Percorrere le strade del racconto dell’inquietudine è una delle sfide più interessanti della narrativa contemporanea. Soprattutto perché queste strade devono essere meticolosamente progettate con l’abilità di chi dissemina il percorso di simboli, segni che, astratti e accumulati, si mescolano allo stile tutto personale. Gli esempi di ultima pubblicazione vanno dalle ossessioni orrorifiche di Thomas Ligotti, alla distopia pura della Galaad di Margaret Atwood, fino al weird di Jeff VanderMeer. È l’ibridazione di generi come l’orrore e la distopia a costituire un campo di sperimentazione dalle potenzialità infinite: nessun limite se non quello imposto dalla capacità immaginifica dello scrittore. Guardando all’Italia autori come Luciano Funetta diventano protagonisti di una serie di discorsi editoriali e artistici che testimoniano un cambiamento. Nato dalla fucina di sconfinamento della collana di narrativa Tunué con Dalle rovine, che aveva conquistato la candidatura al Premio Strega, ora Funetta pubblica Il grido e approda ad Altrove, la collana di Chiarelettere diretta da Michele Vaccari.

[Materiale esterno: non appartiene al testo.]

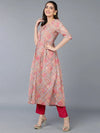 Cotton Pink Printed Flared Kurta-VCK9389_XS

L’obiettivo dell’editor è di scandagliare il panorama italiano per scovare la “narrativa di anticipazione”: non proprio distopia confezionata per rispondere alle tendenze del mercato, ma visioni che suggeriscono il futuro senza forzature moralistiche. Tutto, ancora una volta, con particolare attenzione allo stile come principale nucleo dell’evento artistico, difficilmente incasellabile in determinate pianificazioni editoriali.

Il grido di Funetta chiarisce meglio gli intenti della collana e acquista un’indipendenza tutta personale nella narrativa di anticipazione.

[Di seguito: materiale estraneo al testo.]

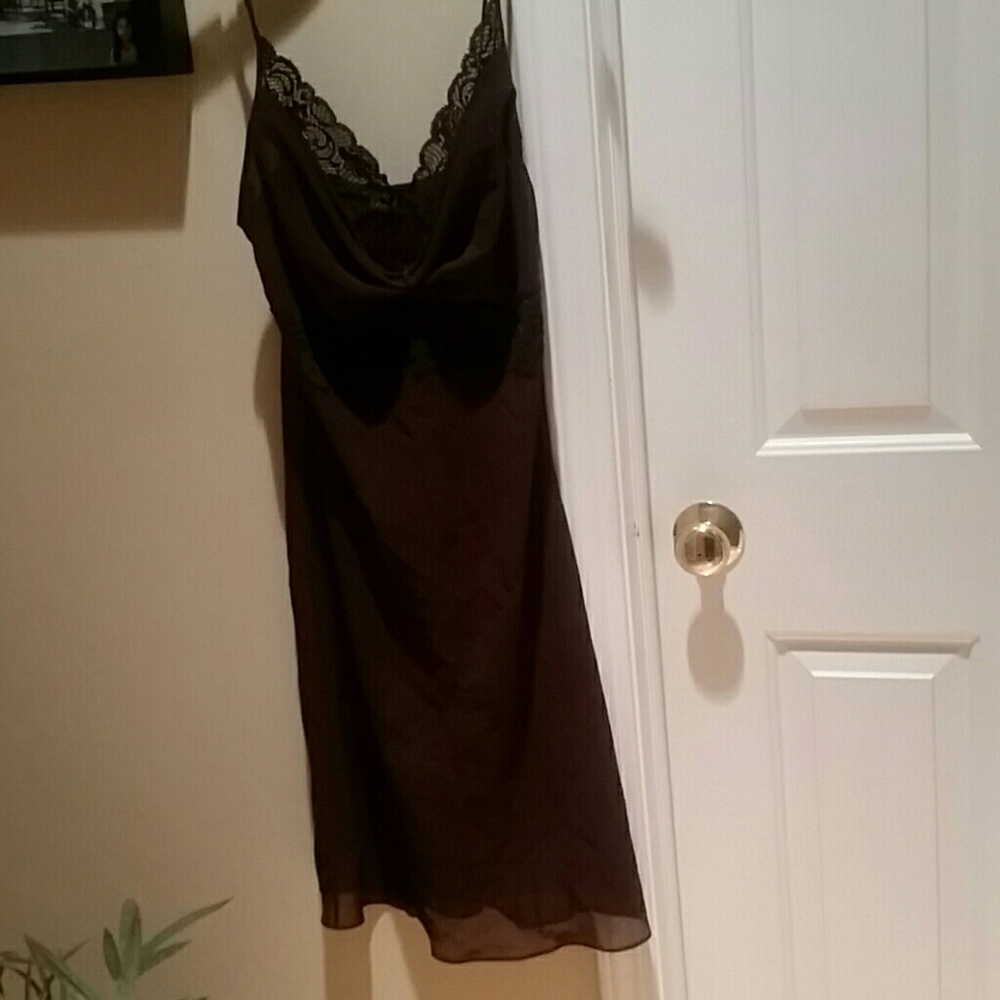 Wine sheer slip with lace neckline & waist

La protagonista, Lena Morse, convive con l’oblio delle sue origini di cui conosce solo la profezia di una vecchia zingara («sei nata di notte, nel mezzo di una caccia selvaggia»). Della vita sa di essere cresciuta in un orfanotrofio e di aver cercato le promesse per il ritorno all’ignoto, come l’uso di sostanze, nella dimensione quasi parallela dell’Orto botanico. L’universo lavorativo dopo l’orfanotrofio, come una selezione naturale di donne senza un inizio, si riduce all’impiego in un’impresa di pulizie, mentre il vagabondare per il putridume delle strade cittadine crea il mondo familiare e claustrofobico di Lena.

È proprio l’ambientazione a non allontanare così tanto da noi il futuro di Funetta. Già in Dalle rovine la città di Fortezza, da qualsiasi angolazione la si guardasse, era una perenne periferia, annerita dagli scarichi industriali e attraversata da presenze che si palesavano solo come ombre («L’estensione di Fortezza gli apparve come una dimensione orrorifica»).

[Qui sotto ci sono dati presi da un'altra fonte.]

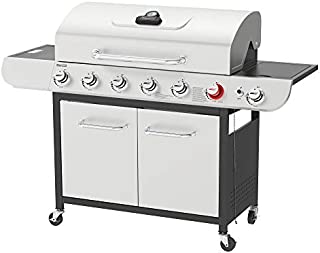 Royal Gourmet US-SG6002R 6 BBQ Liquid Propane Grill with Sear and Side Burners, 71,000 BTU Cabinet Style Stainless Steel Gas Griller, Silver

In Il grido l’ambientazione abbandona il compito di semplice scenografia e acquista maggiore centralità stabilendo corrispondenze più profonde con la storia. Nell’innominata cittadina italiana i trasporti hanno smesso di funzionare all’improvviso, le rotaie abbandonate la attraversano come vene dal sangue coagulato: vengono percorse dai Dormienti, esseri, forse umani, considerati «apparizioni anomale» o semplicemente simbolo di emarginazione estrema: «Non avevano un ruolo, non avevano un’identità, non erano un’invasione né una minaccia, erano una musica o qualcosa di simile».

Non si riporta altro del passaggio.